Kendinden önceki halifelerden hiçbirisiyle yakın ilişki kurmamış ve onların zamanında sürekli “Muhammed’in siyasi mirasını başkaları ele geçirdi” diye yakınmıştır.
Peygamberin sağlığında sadece kızı Fatma ile evli kalırken, Fatma’nın vefatından sonra birçok kadınla evlenmiştir.
Suikasta kurban gitmiştir.
Hasan, hilafetten feragat ederek, bir rivayete göre Medine’de 250-300 kadınla evlenip boşanmış, evlendiği kadınlardan birisi tarafından zehirlenerek öldürülmüştür.
Kendisine “Çok boşayan” anlamında “MITLAK” denilmiştir.
Hüseyin ise 70 küsur kişilik maiyetiyle birlikte Kerbela’da katledilmiştir.
Yani bu insanların, camilerde şeklen de olsa Tanrı ile eşitlenmesi, İslam’ın Tanrı anlayışına aykırıdır.
Daha doğrusu böyle bir din anlayışı, Kur’an’ın vazettiği İslam değil, uydurulmuş İslam’dır.
Dolayısıyla; Kur’an İslamına dönüş camilerden başlamak zorundadır.
Elbette sadece bu da değil; Peygamberin dönemindeki cami anlayışı ile günümüzün cami anlayışı 180 derece farklıdır.
Peygamberin camisi, sadece ibadet etmek için kullanılmazdı.
Bütün devlet ve toplum işleri orada görüşülür, konuşulurdu.

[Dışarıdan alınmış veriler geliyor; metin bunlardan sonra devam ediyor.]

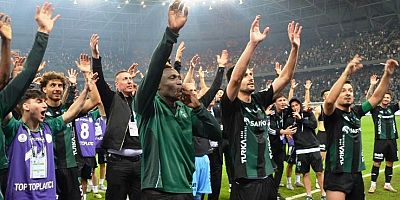 Agyei Golünü attı Taraftara galibiyet üçlüsü çektirdi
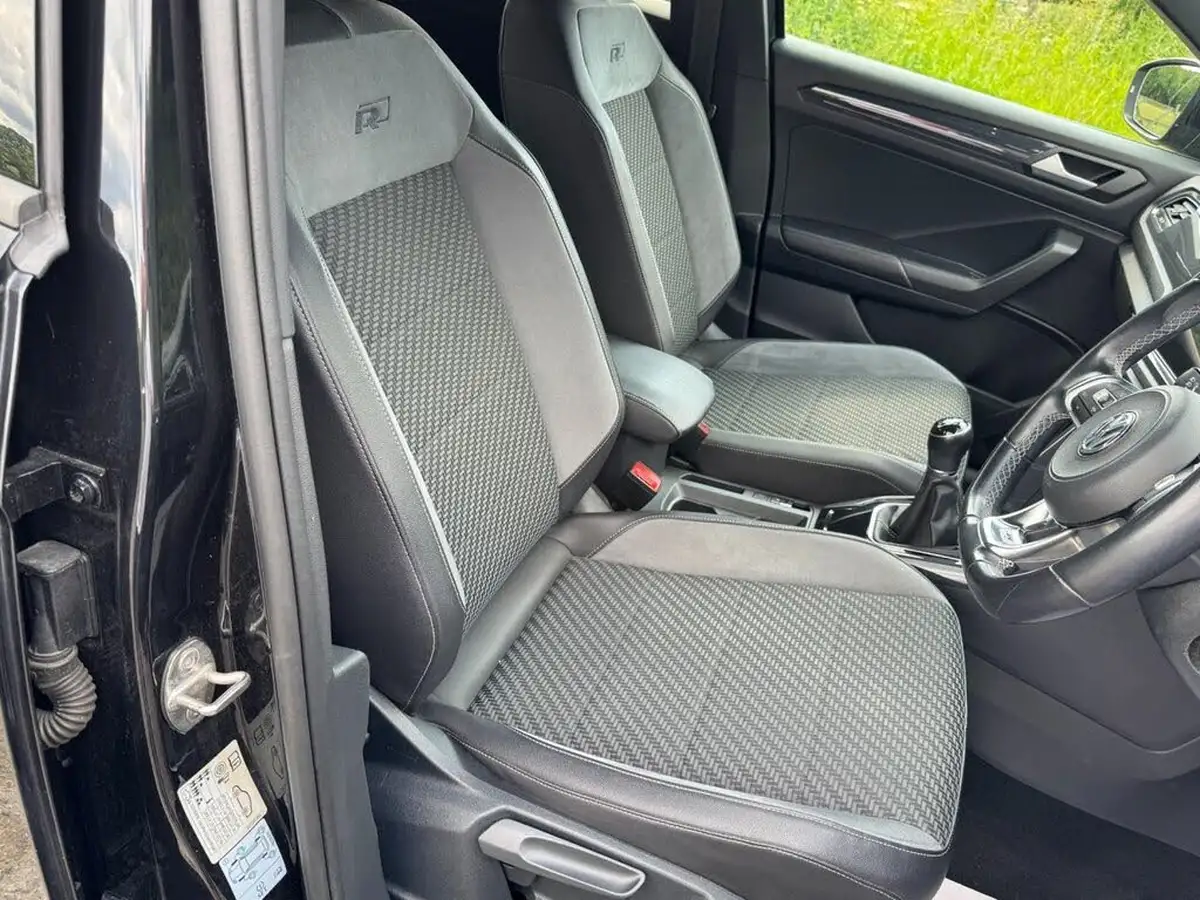 2019-volkswagen-t-roc-16tdi-r-line-big-39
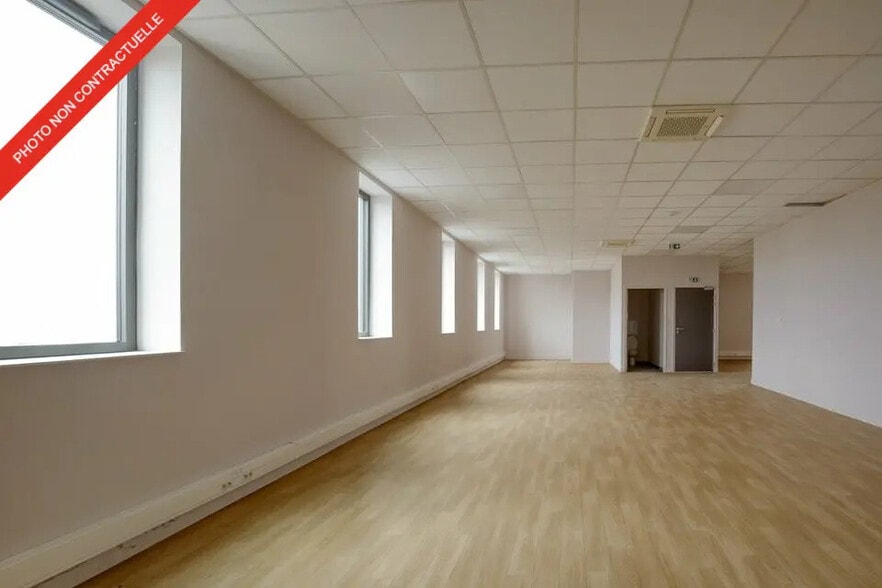Local commercial dans Beauvais à louer - Photo de l’immeuble – Image 1 sur 2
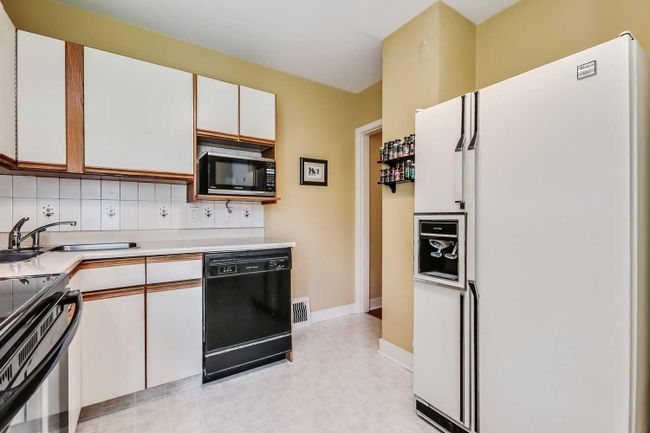 409 12 Avenue Nw, Home with 2 bedrooms, 1 bathrooms and 2 parking in Calgary AB | Image 39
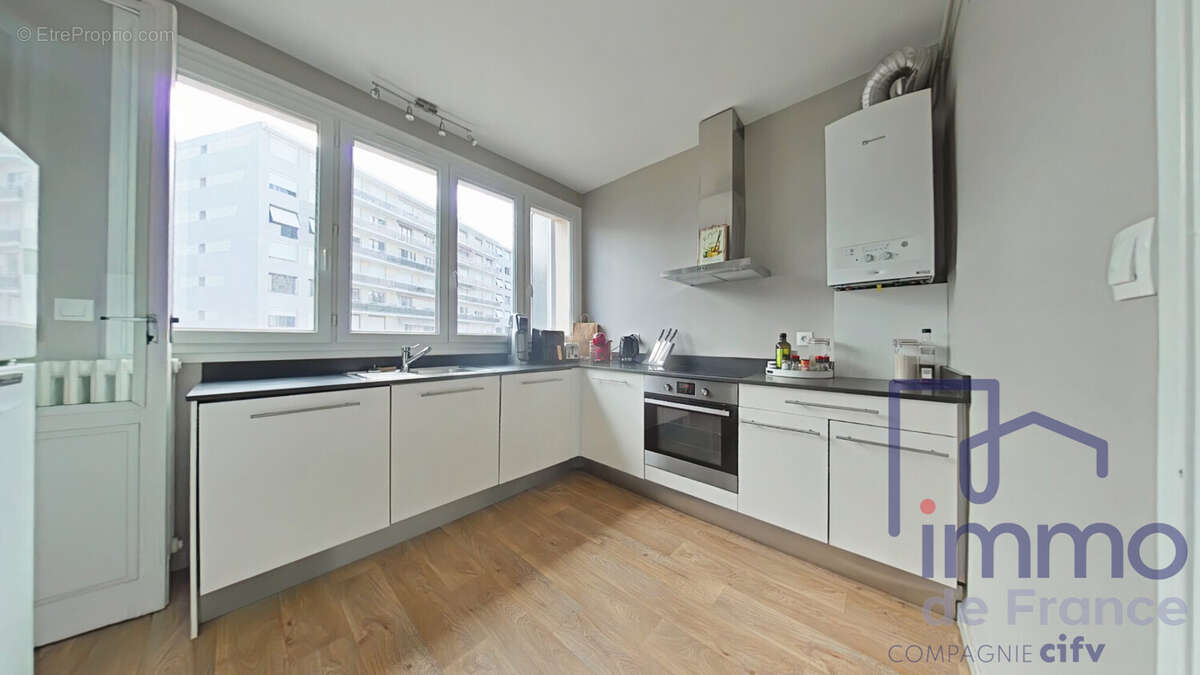 Appartement à SAINT-ETIENNE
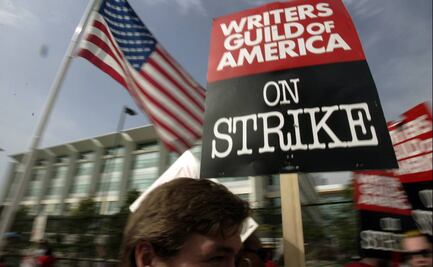 Guionistas de Hollywood se declaran en huelga este martes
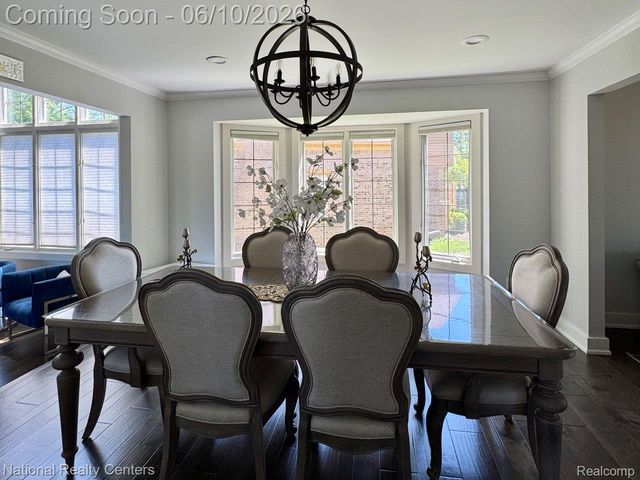 39376 Heatherbrook Drive, Farmington Hills, MI 48331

Cemaat minberdeki Peygambere ve halifelere sorular sorar, cevap alır, hatta halifeler açıkça tenkit bile edilirlerdi!
Bunları geçtik; Peygamber döneminde camilerde eğlence etkinlikleri bile tertip edilirdi.
Ya şimdi?
Camilerde dünya kelamı konuşmak yasaktır!
İmamlar ve vaizler tek tabanca konuşurlar.
Sorgulanmazlar, itiraz edilmezler, eleştirilmezler.
Hele bir eleştirmeye kalkışın bakalım, görün başınıza neler gelecek?